I've taken the liberty to apply the two comments above. The following listing is a verbose commented version of your regex:
[text]if (preg_match(
'%# original regex from "Regex expression for complex dates" thread
( # group $1: has 2 alternatives 1-words, 2-digits only
( \b # group $2: Alternative 1: (word month day year)
( # group $3: word version of month
january|jan|february|feb|march|mar|april|apr|may|june|jun|
july|jul|august|aug|september|sep|october|oct|november|nov|december|dec
) # end group $3
\b\s # (redundant) word boundary, one whitespace
( 0? # group $4: for day of month alternatives. Either...

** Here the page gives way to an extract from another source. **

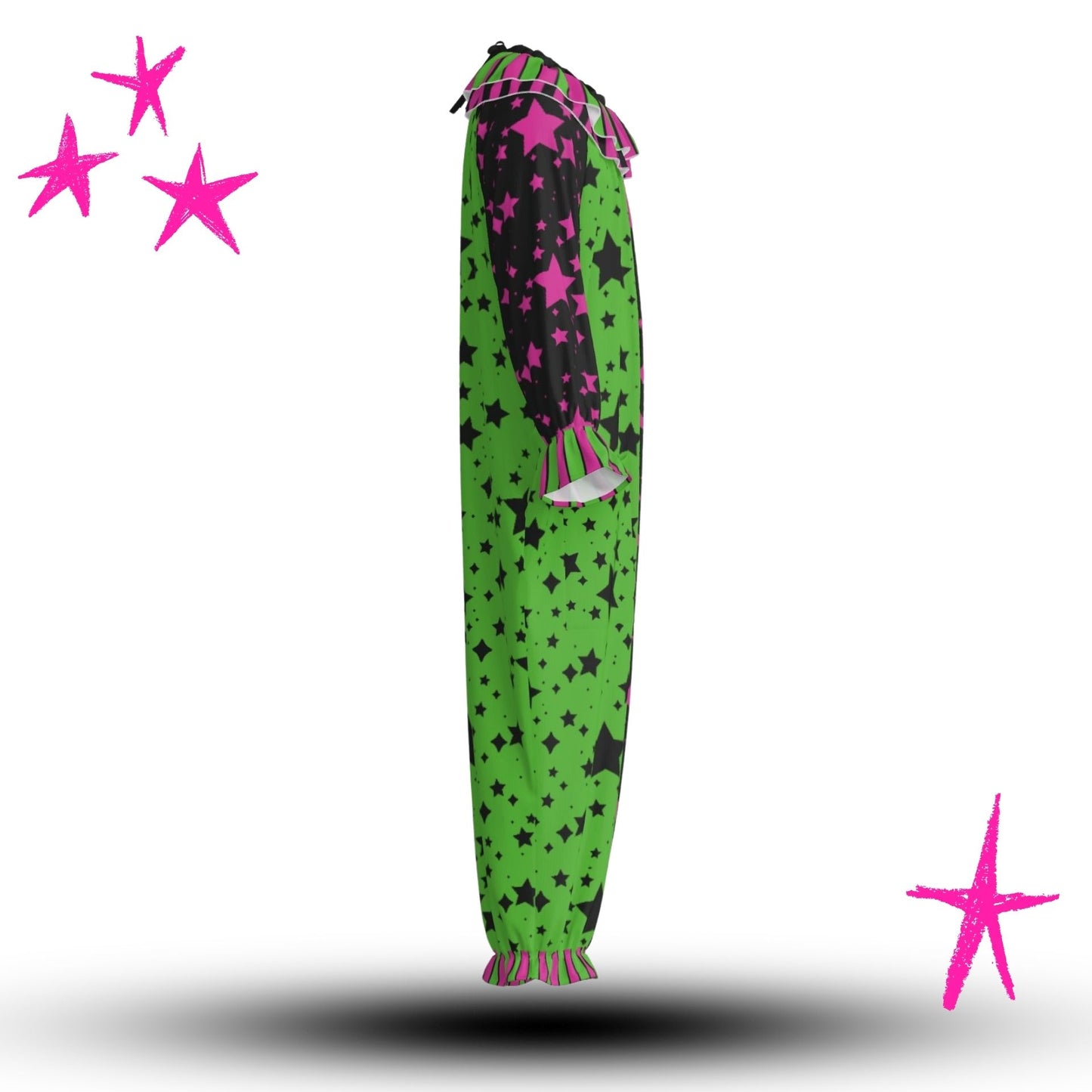 Scene Stardust Lime Hot Pink Clown Suit and Ruff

( # group $5: alternatives of 1-9 suffixes
1(st)? # either 1 or 01 and optional group $6 = "st"
| 2(nd)? # or... 2 or 02 and optional group $7 = "nd"

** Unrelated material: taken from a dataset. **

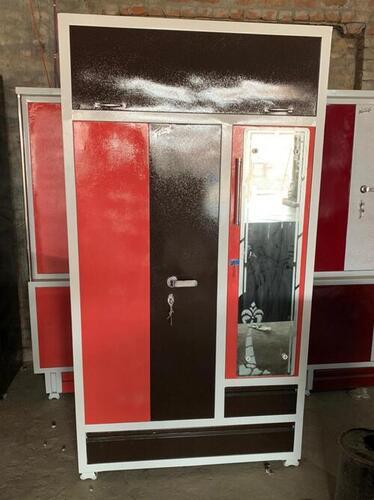 White And Red Doors With Locker Material Metal Storage Almirah Carpenter Assembly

| 3(rd)? # or... 3 or 03 and optional group $8 = "rd"
| [4-9](th)? # or... 4-9 or 04-09 and optional group $9 = "th"
) # end group $5
| [12] # or... alternatives 11-19, 21-29
( # group $10: alternatives of 11-19, 21-29 suffixes
1(st)? # either 11 or 21 optional group $11 = "st" 11st=Error
| 2(nd)? # or... 12 or 22 optional group $12 = "nd" 12nd=Error
| 3(rd)? # or... 13 or 23 optional group $13 = "rd" 13rd=Error
| [4-9](th)? # or... 14-19 or 24-29 and optional group $14 = "th"
) # end group $10 (error: missed 10, 10th, 20 and 20th)

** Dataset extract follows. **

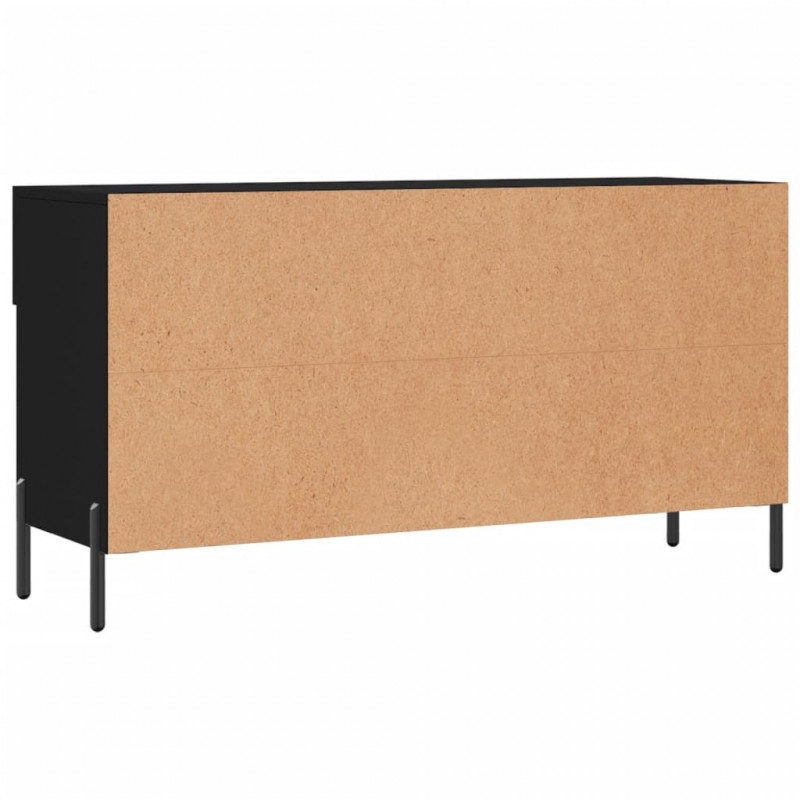 Ławka z miejscem na buty, czarna, 102x35x55 cm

| 3 # or... alternatives 30-31
( # group $15: for 30-31 alternatives
0(th)? # either 30 and optional group $16 = "th"
| 1(st)? # or... 31 and optional group $17 = "st"
) # end group $15
) # end group $4
\b
( ,?\s # group $18: for (optional) year
(19|20)\d\d\b # group $19: for 19 or 20 century alternatives
)? # end group $18
) # end (unnecessary) group $2
| # or... Alternative 2: mm/dd/yyyy
( \b # group $20: (unnecessary)
( # group $21: (optional = Error!) whole mm/dd/yyyy
( 0?[1-9] | 1[012]) # group $22: mm month alternatives 1-12, 01-12
[- /.] # separator
( 0?[1-9] # group $23: dd day alternatives either 1-9
| [12][0-9] # or... 10-19 or 20-29
| 3[01] # or... 30 or 31
) # end group $12: day
( [- /.] # group $24: unnecessary group for separator and year
(19|20)?\d\d # group $25: for century alternatives
) # end (unnecessary) group $24
)? # end (unnecessary) group $21 and make it optional? Error!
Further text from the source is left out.